AU CAMEROUN, ON EST À LA FIN DU RÈGNE DE PAUL BIYA
Chanteur engagé, Blick Bassy porte un regard hautement singulier sur la situation politique de son pays d’origine, autant que sur les relations entre la France et l’Afrique

Dans son dernier album paru en 2019, il évoquait, de sa voix douce et rauque, la figure tutélaire de Ruben Um Nyobè, leader indépendantiste camerounais assassiné par l’armée française, le 13 septembre 1985. Trois ans après cet opus unanimement salué par la critique, Blick Bassy travaille à l’enregistrement d’une nouveauté à paraître au début de l’année 2023.
Avant cela, l’artiste-musicien créateur du label OtanticA sera au musée du Quai Branly, en juin prochain, pour un spectacle de danse – en marge de l’exposition La route des chefferies bamiléké –, dans lequel cet anticonformiste accorde une place majeure aux artistes féminines.

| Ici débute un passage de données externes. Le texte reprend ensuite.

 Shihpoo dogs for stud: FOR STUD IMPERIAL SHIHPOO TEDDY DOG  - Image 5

Un geste militant de plus pour celui qui a choisi de chanter en bassa pour sensibiliser à la préservation des langues africaines.

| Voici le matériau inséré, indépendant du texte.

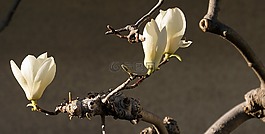 櫻桃,開花,春
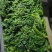 荠菜速冻荠菜碎速冻荠菜整颗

Jamais en retard d’un combat, le guitariste-arrangeur a entrepris de produire de jeunes talents issus du continent. Blick Bassy a également créé la plateforme Wanda-Full pour leur permettre de se repérer dans l’industrie du disque : présenter leur travail, trouver des financements, percevoir leurs droits d’auteur… Un geste de partage pour celui qui s’est notamment fait connaître du grand public occidental après le choix de sa chanson « Kiki » par la marque Apple pour promouvoir la sortie de l’iPhone 6, et qui dit son aversion pour toutes les formes de discrimination.
Jeune Afrique : Vous résidez dans un petit village de 200 habitants près de Saint-Émilion, dans le sud-ouest de la France. Que vous inspire la campagne présidentielle hexagonale ?
Blick Bassy : Nous vivons dans des sociétés où le capitalisme se nourrit de la bêtise humaine. Ceux qui détiennent le pouvoir et souhaitent le conserver se sentent obligés d’attiser la haine des uns envers les autres, et ils trouvent des pions pour cela. Ces derniers se laissent manipuler, convaincus que leurs éventuels déboires viennent forcément de l’autre.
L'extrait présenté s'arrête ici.